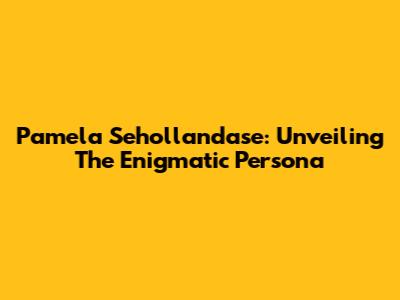 Pamela Sehollandase: Unveiling The Enigmatic Persona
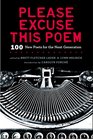 Please Excuse This Poem 100 New Poets for the Next Generation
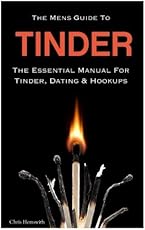 The Mens Guide To Tinder: The Essential Manual For Tinder, Dating & Hookups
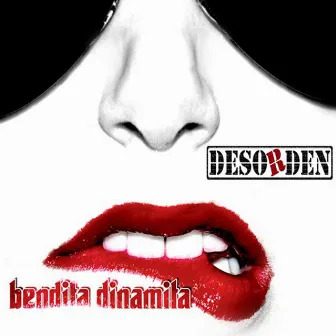 Bendita Dinamita by Desorden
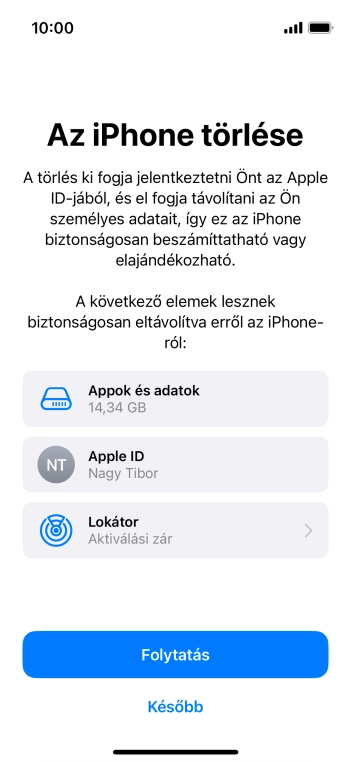 Válaszd a Folytatás lehetőséget.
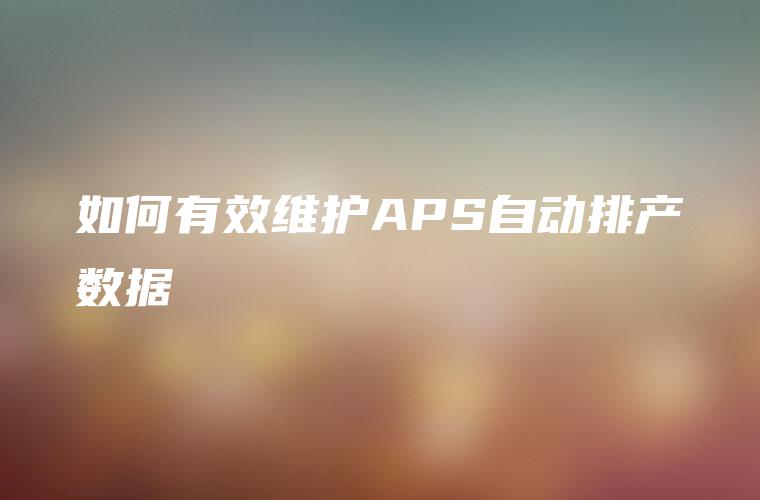 如何有效维护APS自动排产数据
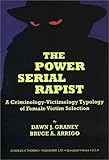 The Power Serial Rapist : A Criminology-Victimology Typology of Female Victim Selection, Graney, Dawn J. and Arrigo, Bruce A., 0398072493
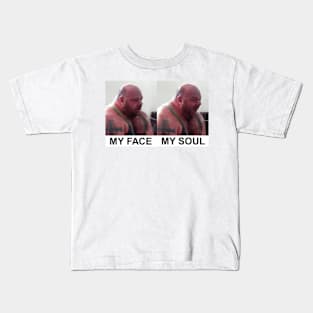 My Face My Soul Kids T-Shirt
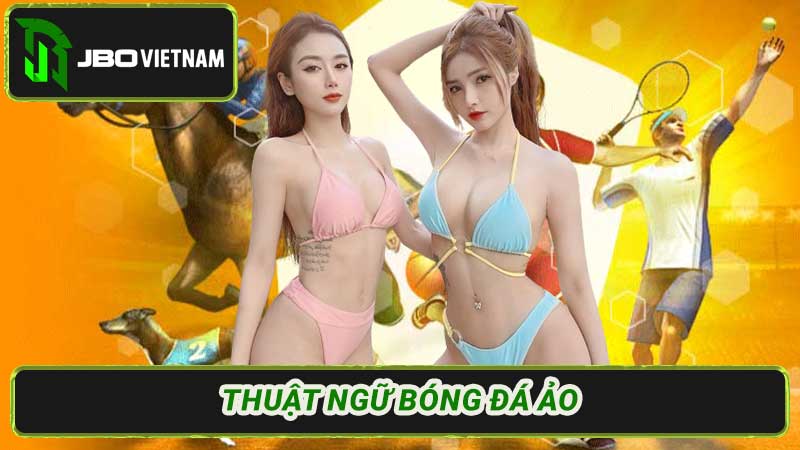 Thuật ngữ bóng đá ảo Chiến lược Khám phá Thế Giới Ảo Này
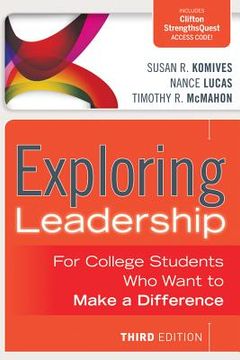 portada exploring leadership: for college students who want to make a difference (en Inglés)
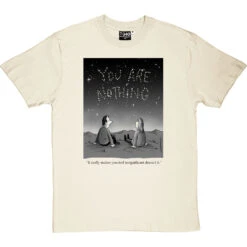 "It Really Makes You Feel Insignificant" T-Shirt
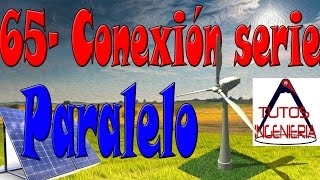 Conexiones en serie y paralelo de paneles fotovoltaicos [upl. by Soisanahta]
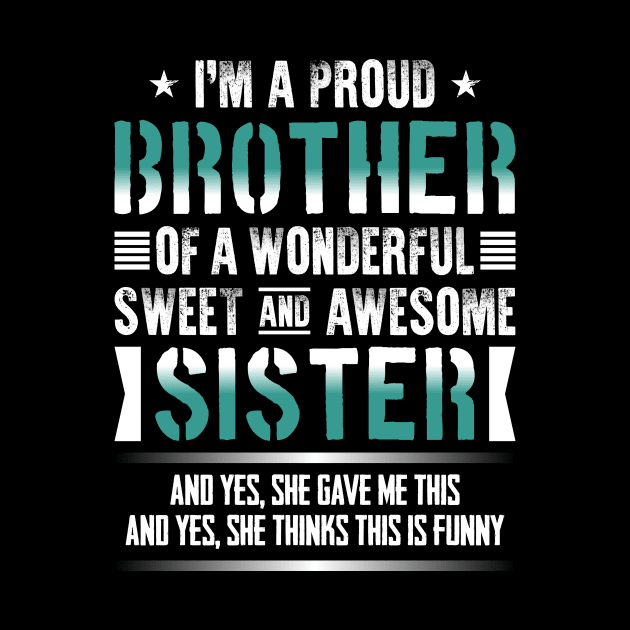 I'm A Proud Brother Of A Wonderful Sweet And Awesome Sister by celeryprint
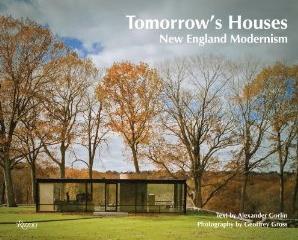 TOMORROW'S HOUSES "NEW ENGLAND MODERNISM"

• • • •

WHAT YOU HAVE TO DO: For this exercise, return the material word for word and drop each image.

OUTPUT OF THE TASK:
 Pamela Sehollandase: Unveiling The Enigmatic Persona
 Please Excuse This Poem 100 New Poets for the Next Generation
 The Mens Guide To Tinder: The Essential Manual For Tinder, Dating & Hookups
 Bendita Dinamita by Desorden
 Válaszd a Folytatás lehetőséget.
 如何有效维护APS自动排产数据
 The Power Serial Rapist : A Criminology-Victimology Typology of Female Victim Selection, Graney, Dawn J. and Arrigo, Bruce A., 0398072493
 My Face My Soul Kids T-Shirt
 Thuật ngữ bóng đá ảo Chiến lược Khám phá Thế Giới Ảo Này
 portada exploring leadership: for college students who want to make a difference (en Inglés)
 "It Really Makes You Feel Insignificant" T-Shirt
 Conexiones en serie y paralelo de paneles fotovoltaicos [upl. by Soisanahta]
 I'm A Proud Brother Of A Wonderful Sweet And Awesome Sister by celeryprint
 TOMORROW'S HOUSES "NEW ENGLAND MODERNISM"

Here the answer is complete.